To a rational man, sex is an expression of self-esteem—a celebration of himself and of existence.
Such attempts at smears are apparently not uncommon on Salon.com, and I usually don’t bother to post a comment on such articles as there is little chance that what I wrote will change anyone’s opinion. But, since I am trying to overcome my writing inertia, I decided to do so this time and use my comment as a new post here.
[Update 10/25/15] I went back to the original Salon.com article to see if my comment received any response, and it had one. Apparently one “thoughtful” person feels I am a “a butt hurt Ayn Rand cultist,” and “No one sane gives a f**k about what that sociopath Ayn Rand has to say.” Also, in this persons view, I lack the reasoning skills to discern that the article was about how Republican policies make “it impossible to have a family life and enjoy a healthy sex life.”
My first thoughts in reading this were: Apparently the author, who is presumably sane, cares about Ayn Rand, at least enough to attempt to smear her by association. If the sole purpose of the article is to illustrate the irrational and contradictory views of some Republicans on abortion, contraception and sex, and how policies influenced by these views impact people, why mention Ayn Rand at all when her views were quite the opposite of those attributed to Republicans? The only reasonable conclusion is that the author wants to smear Ayn Rand in the minds of those who know little or nothing of her actual views and philosophy. People such as my thoughtful commenter.

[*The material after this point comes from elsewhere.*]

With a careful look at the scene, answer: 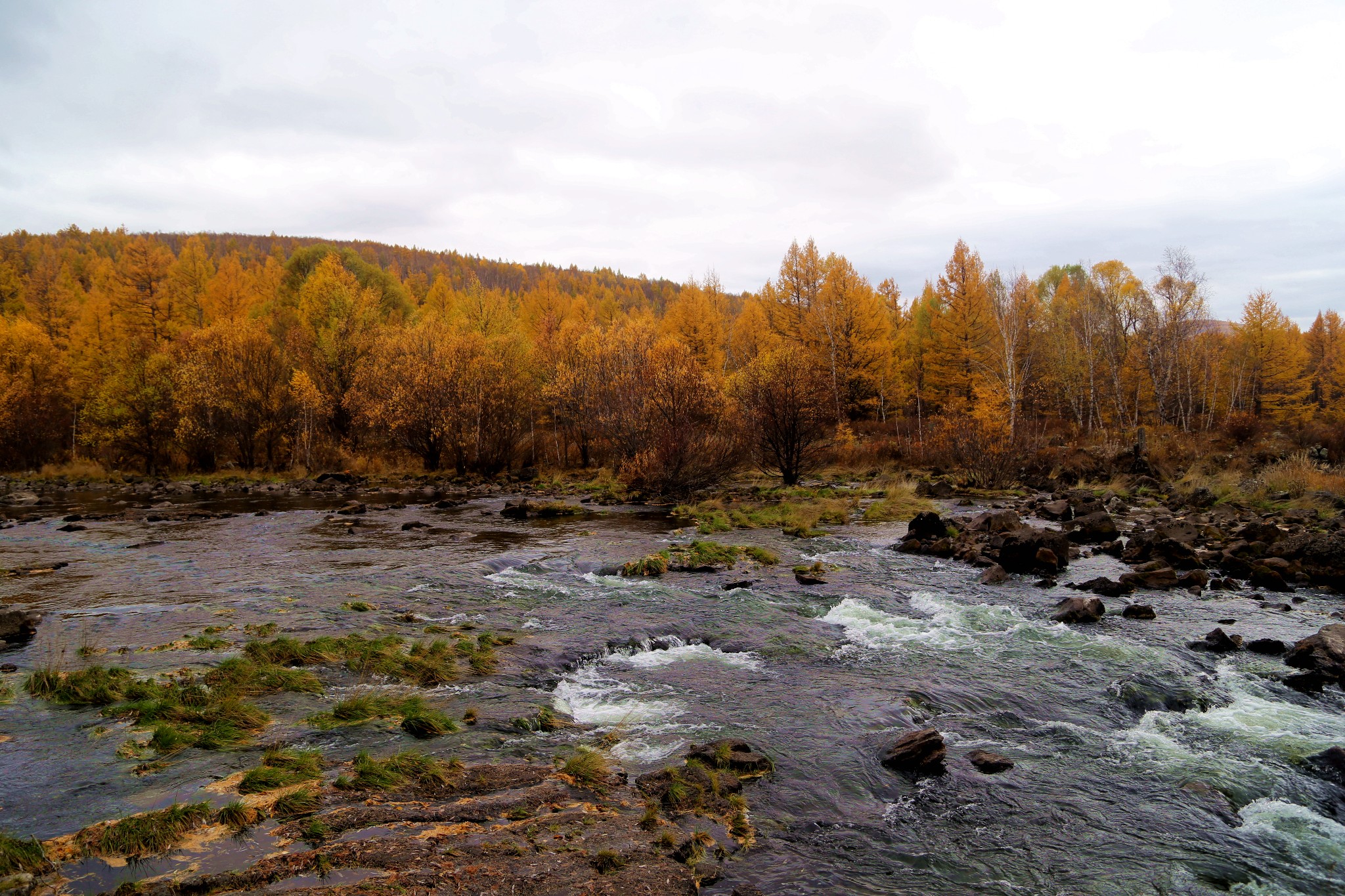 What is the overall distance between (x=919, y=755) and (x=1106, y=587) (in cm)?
936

My comment, with a few minor edits:
What an obvious attempt to smear Ayn Rand and her philosophy. With just two mentions of her name, the author makes arbitrary, and false, assertions that Ayn Rand’s world view is the same as Paul Ryan’s. At one point Paul Ryan did claim that Ayn Rand was an influence on his career, but after his nomination as Vice President in 2012 he said in an interview, “I reject her philosophy.” Either he was dishonest about his initial admiration for her, lacked integrity about his admiration when he later rejected her ideas, or he simply changed his mind about those ideas. In case he can hardly be said to share her world view, if he ever did.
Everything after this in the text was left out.